Nano One CEO Dan Blondal stated, “On behalf of the entire Nano One team, I would like to thank our existing shareholders for their tremendous support and I extend a warm welcome to our new shareholders. I would also like to thank our staff, advisors and partners who have worked so hard to establish the technology and our directors, officers and the syndicate of financiers who have come together to complete this transaction. Listing Nano One on the TSX Venture Exchange sets the stage for the commercialization phase of our technology. Everyone can relate to the pent-up demand for better batteries, so it is an exciting time to be changing the way we make energy storing materials. We have an exceptional team and our technology is well on its way to becoming a leading platform for the production of a new generation of advanced materials.”

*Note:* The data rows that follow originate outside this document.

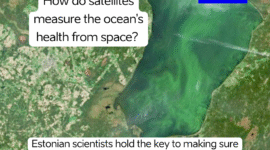 Algal bloom in Lake Peipsi. Image Sentinel-2. Copernicus Sentinel data 2024. Satellite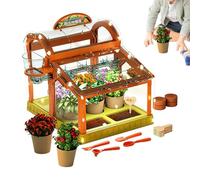 Kit Cultivo Plantas Flores Para Niño Con Luces De Cultivo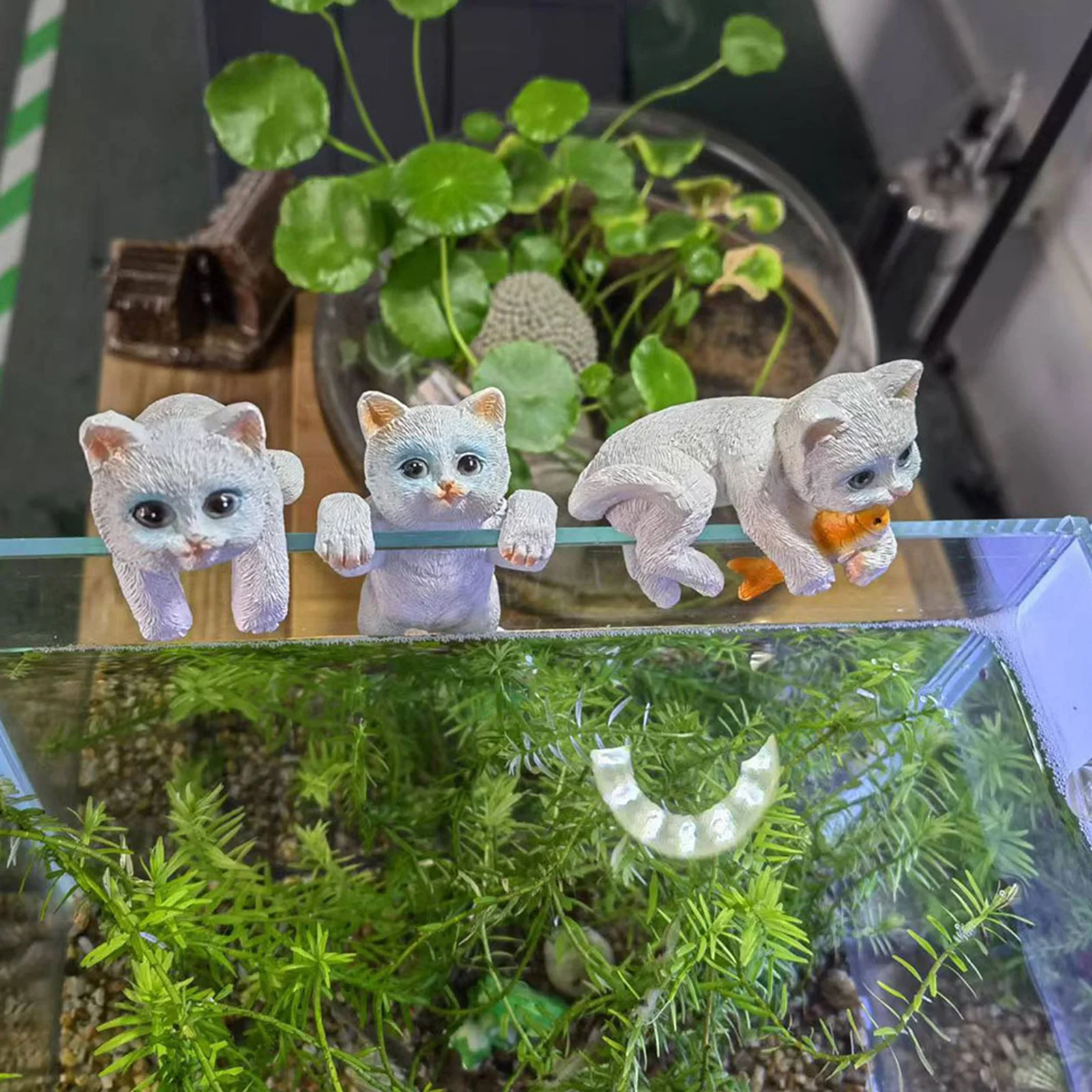 

3Pcs Mini Cat Aquarium Ornament Resin Small Decor for Desktop Garden Flowerpot Cute Cat Decor Aquarium Decoration
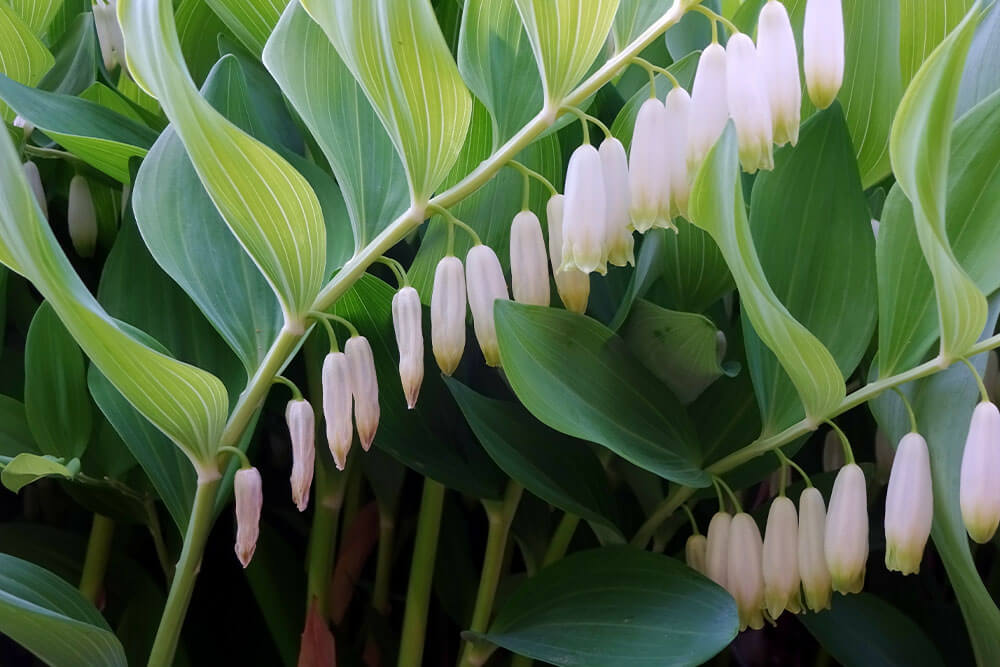 Polygonatum spp.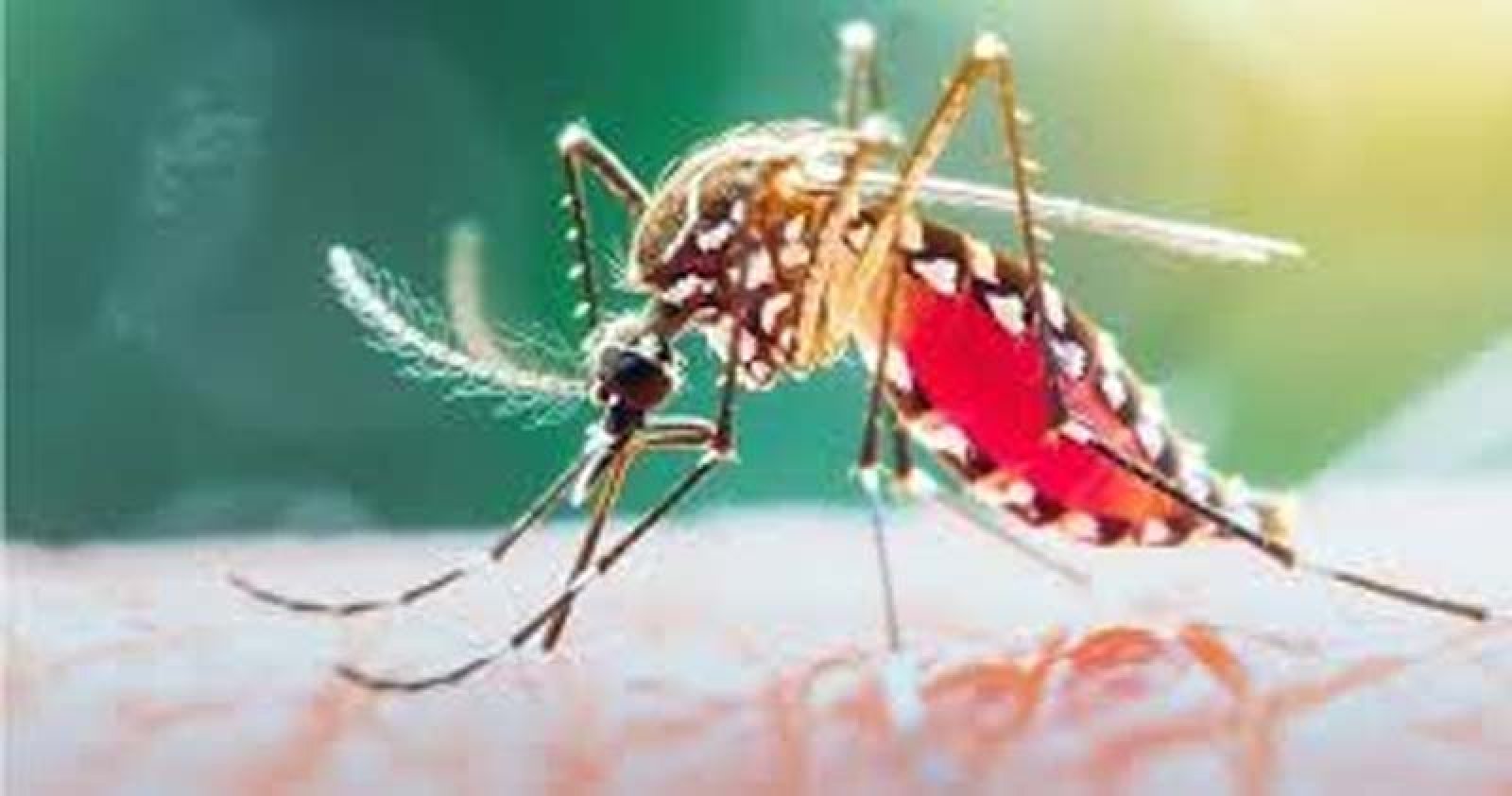 ডেঙ্গুতে আক্রান্ত হয়ে আরো ৮ জনের মৃত্যু, হাসপাতালে ভর্তি  ১৭৩৩ জন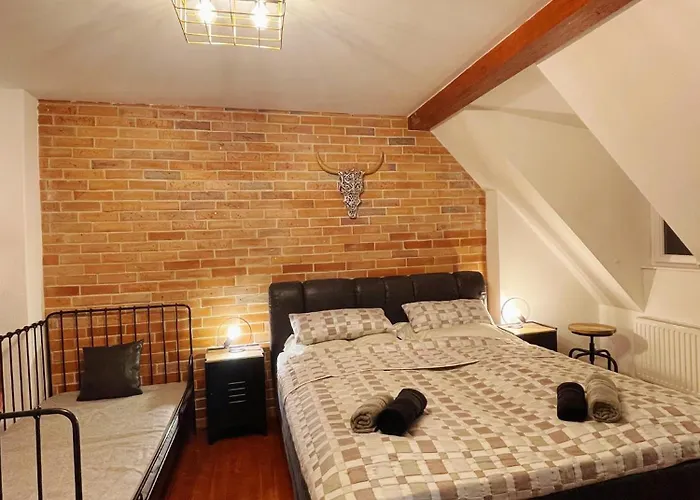 Bohem Centrum 招待所 3*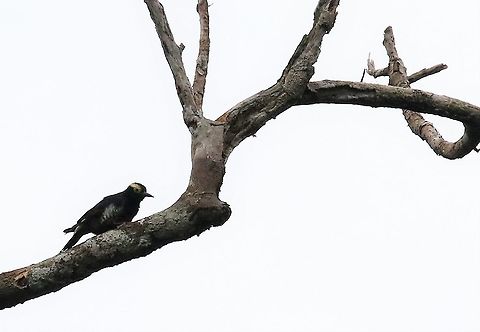 Yellow-tufted Woodpecker  Laguna Negra,Melanerpes cruentatus,San José del Guaviare,Yellow-tufted woodpecker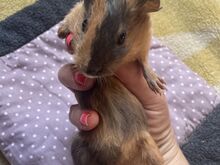 Merisiga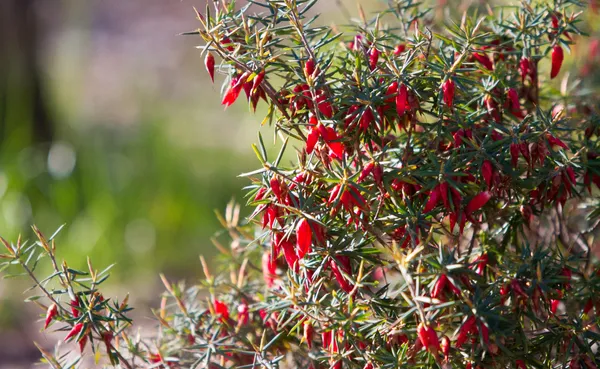 Environment native flora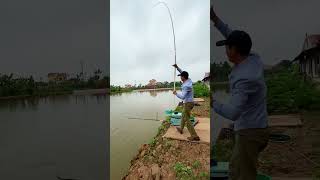Câu chép | Phú Hải Fishing fishing  caucagiaitri  fish  cauca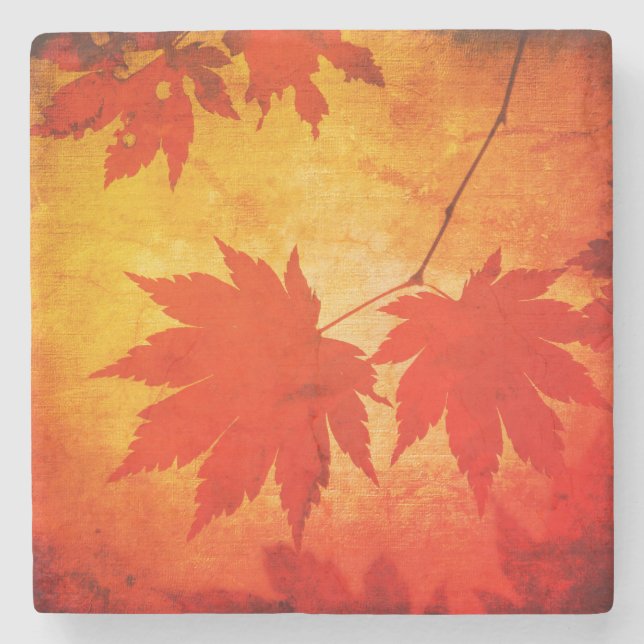 Japanese maple tree leaf script fall orange stone coaster (Front)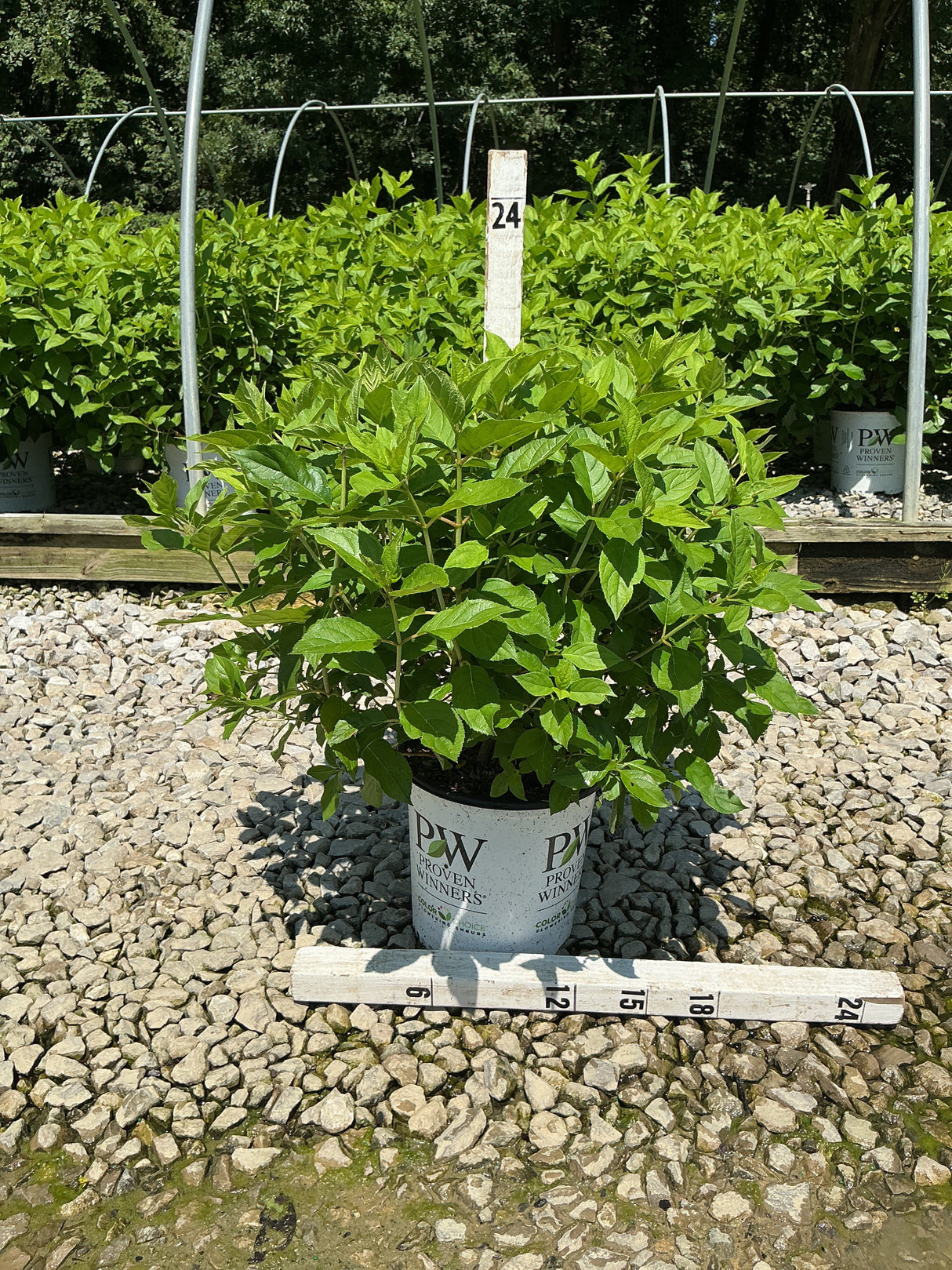Little Lime Panicle Hydrangea shrub in a #2 Proven Winners container on gravel with a measurement stake showing 24 inches.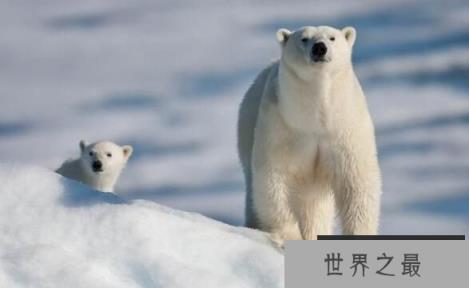 北极熊没有陆地能活吗，北极熊只能生活在冰上吗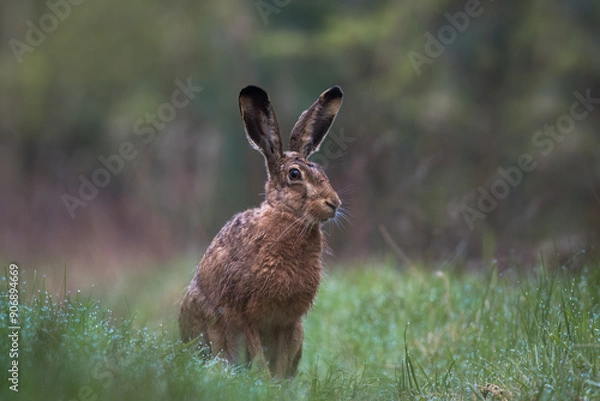 Obraz European hare, Lepus europaeus, a mammal of the Leporidae family. Very cute animal, very long ears. A herbivorous mammal with beautiful fur and long ears.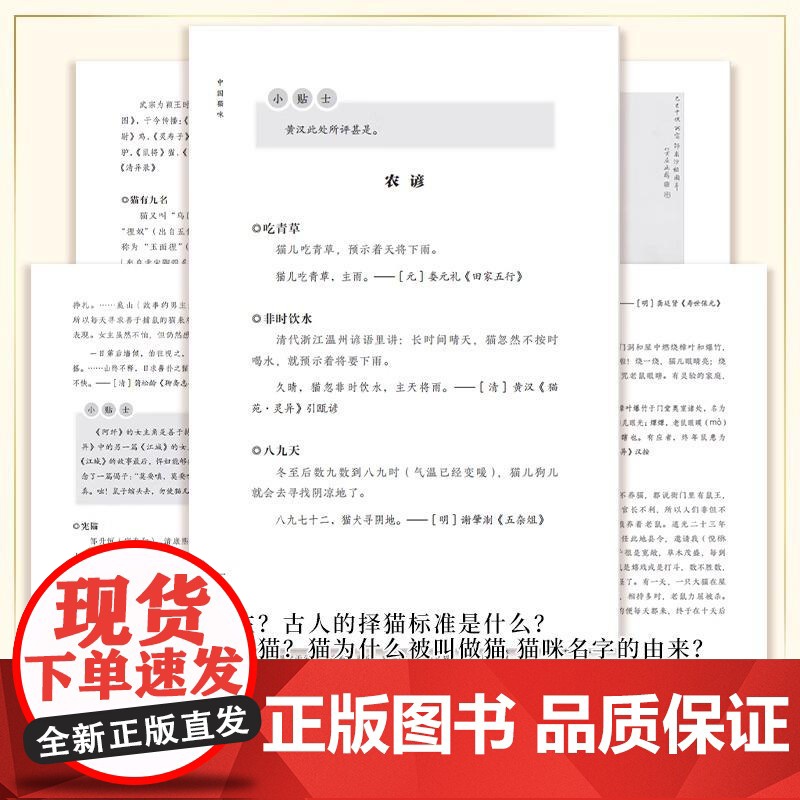 [央视网]中国猫咪 古代人猫咪百科全书爱猫更要懂猫养猫习俗猫咪的名字宠物猫咪日常小知识大全猫咪历史文化WX高清大图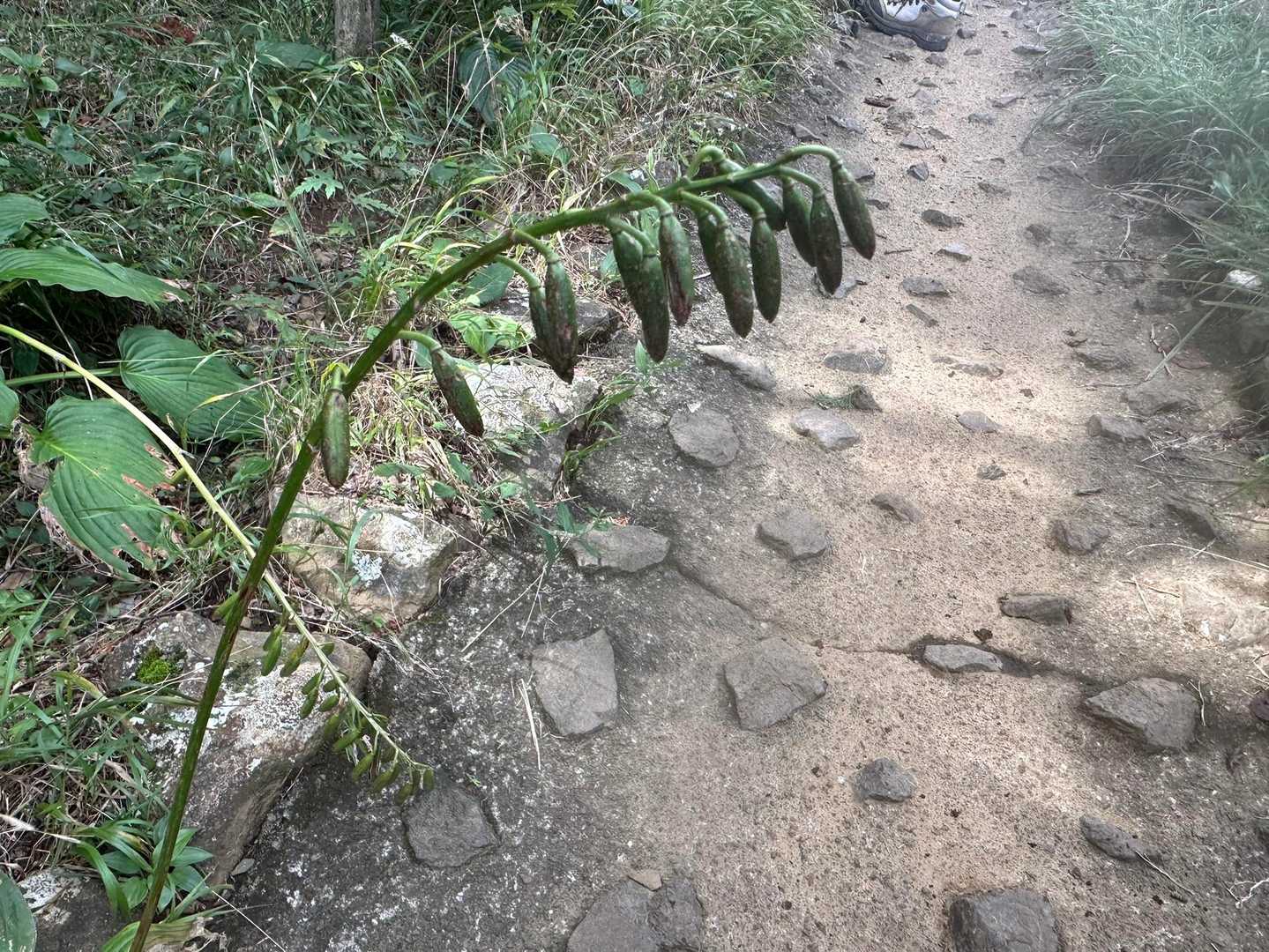 なんだか造詣が気になる植物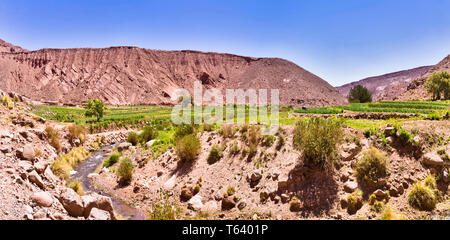 Fertile river valley used for agriculture in the Atacama desrt of Northern Chile. Stock Photo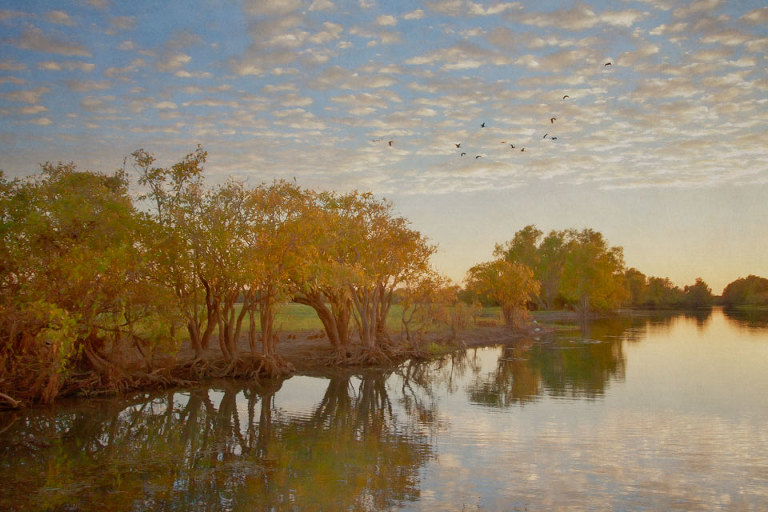 Birds at Sunrise on Yellow Water Billabong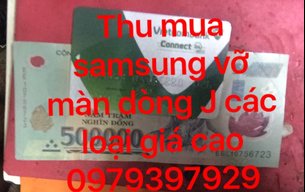 Dong nam dinh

Nano One Chairman Paul Matysek remarked, “The completion of this transaction represents a giant step and a solid foot forward in enabling energy storage improvements that could change the way we access, store and distribute electricity. I am excited to be part of this team and look forward to sharing our developments with our new and existing shareholders. Finally I would like to thank the Boards of Directors of both Perfect Lithium and Dundarave Resources for their tireless commitment and support.”
Pursuant to the Transaction, all outstanding warrants of PLC were exchanged for Nano One warrants to purchase Post Consolidation Shares, with appropriate adjustments to the number and price of shares that may be acquired upon exercise thereof to reflect the Exchange Ratio. All stock options of Nano One and PLC issued prior to the Agreement were cancelled on closing of the Transaction. The Resulting Issuer granted 2,825,000 options to the new management and consultants of the Resulting Issuer upon completion of the Transaction.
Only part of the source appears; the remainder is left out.